§ INFORMATION SHOWN:
□ □ □
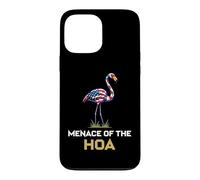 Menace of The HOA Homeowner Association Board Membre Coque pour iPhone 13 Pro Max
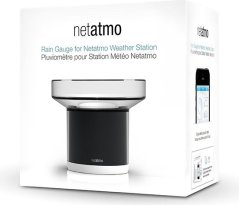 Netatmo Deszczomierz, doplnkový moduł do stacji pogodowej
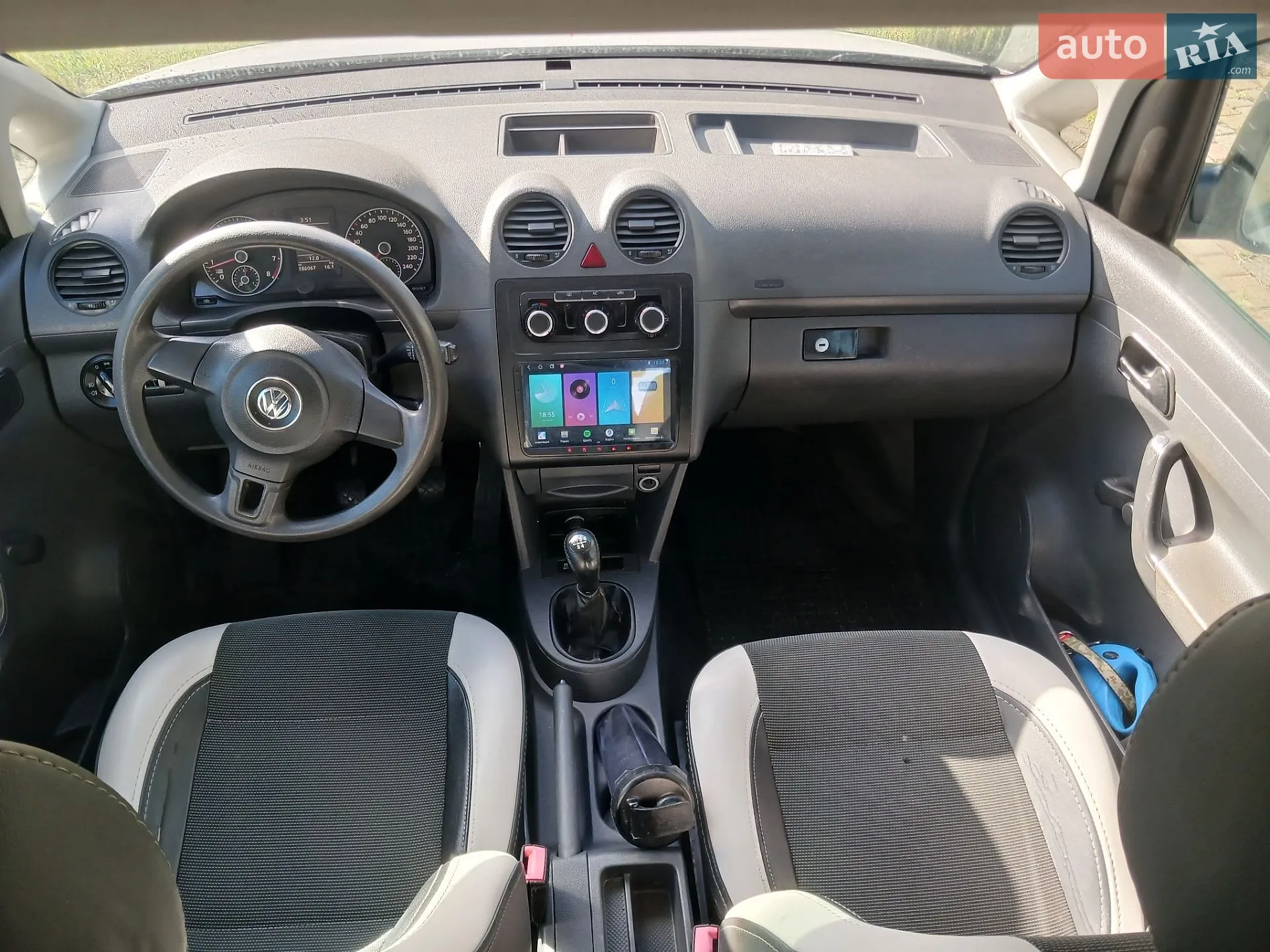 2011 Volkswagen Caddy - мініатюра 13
□ □ □
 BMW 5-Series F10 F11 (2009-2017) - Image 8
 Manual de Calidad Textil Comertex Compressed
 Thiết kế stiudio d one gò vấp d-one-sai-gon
□ □ □
§ ACTION ITEM: Reproduce word for word the material above, starting with the line that has "BMW 5-Series F10 F11 (2009-2017) - Image 8" and stopping after the line that has "Thiết kế stiudio d one gò vấp d-one-sai-gon".

§ TASK OUTPUT:
 BMW 5-Series F10 F11 (2009-2017) - Image 8
 Manual de Calidad Textil Comertex Compressed
 Thiết kế stiudio d one gò vấp d-one-sai-gon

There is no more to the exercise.